About this task:
Below is a listing; print exactly its lines from the one containing "ARDEBO.de - 2-tlg." down to the one containing "赤い雪の結晶、お名前、パーソナライズ アメリカンフットボール (回転270)", both inclusive, with every picture left out.

Dataset extract:
^^^^

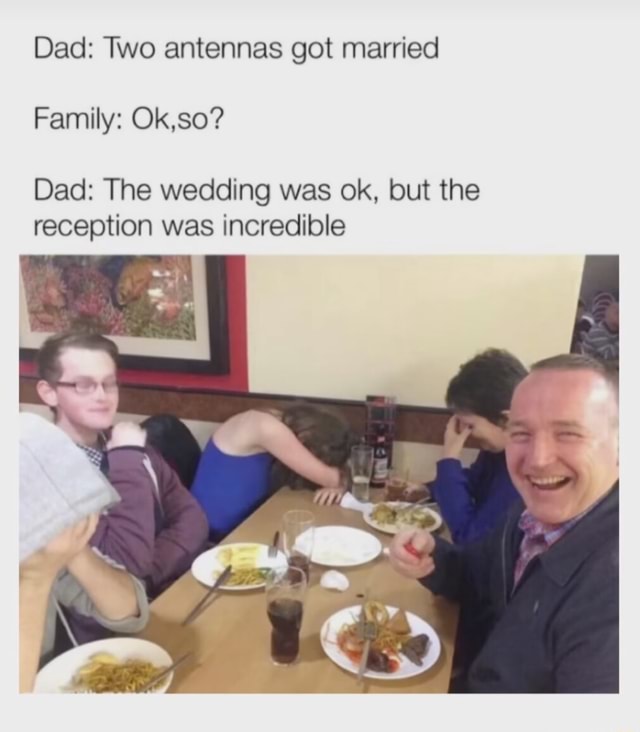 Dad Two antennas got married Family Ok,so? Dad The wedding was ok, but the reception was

^^^^

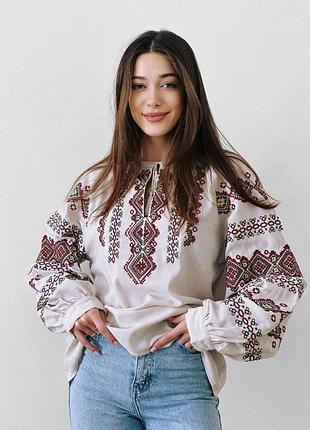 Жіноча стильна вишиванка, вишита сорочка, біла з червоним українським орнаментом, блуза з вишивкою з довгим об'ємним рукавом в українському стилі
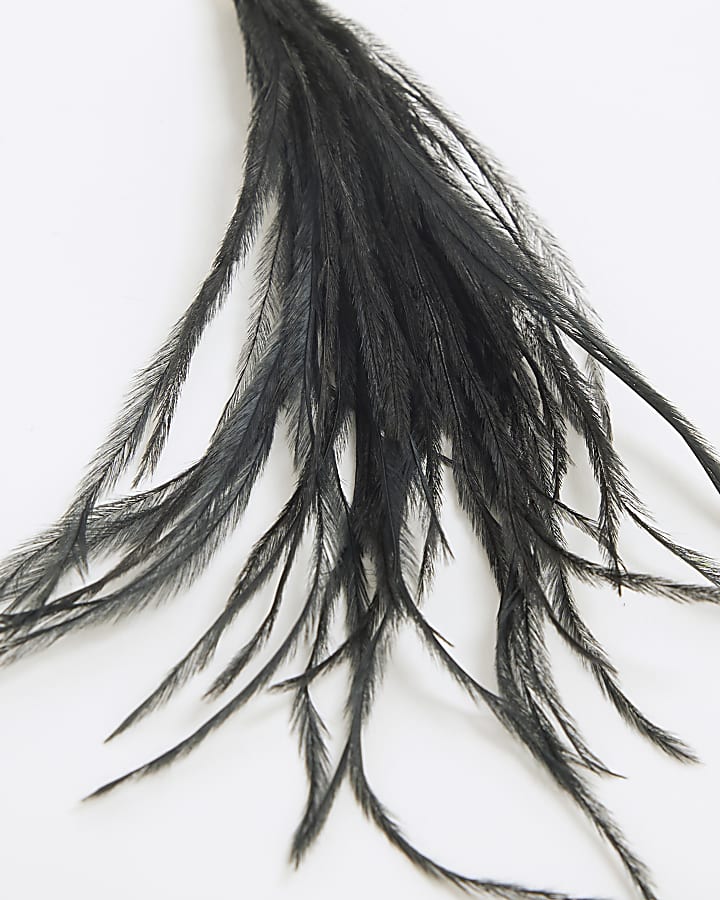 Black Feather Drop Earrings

^^^^

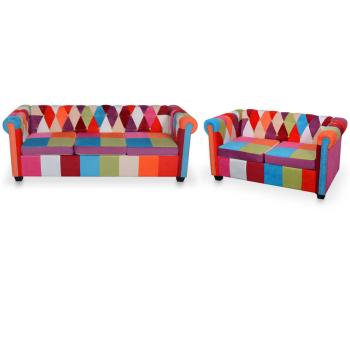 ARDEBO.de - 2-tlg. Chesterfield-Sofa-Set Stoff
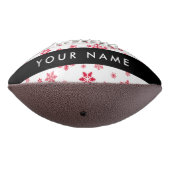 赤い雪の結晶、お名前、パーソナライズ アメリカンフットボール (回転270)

^^^^

Written response:
 ARDEBO.de - 2-tlg. Chesterfield-Sofa-Set Stoff
 赤い雪の結晶、お名前、パーソナライズ アメリカンフットボール (回転270)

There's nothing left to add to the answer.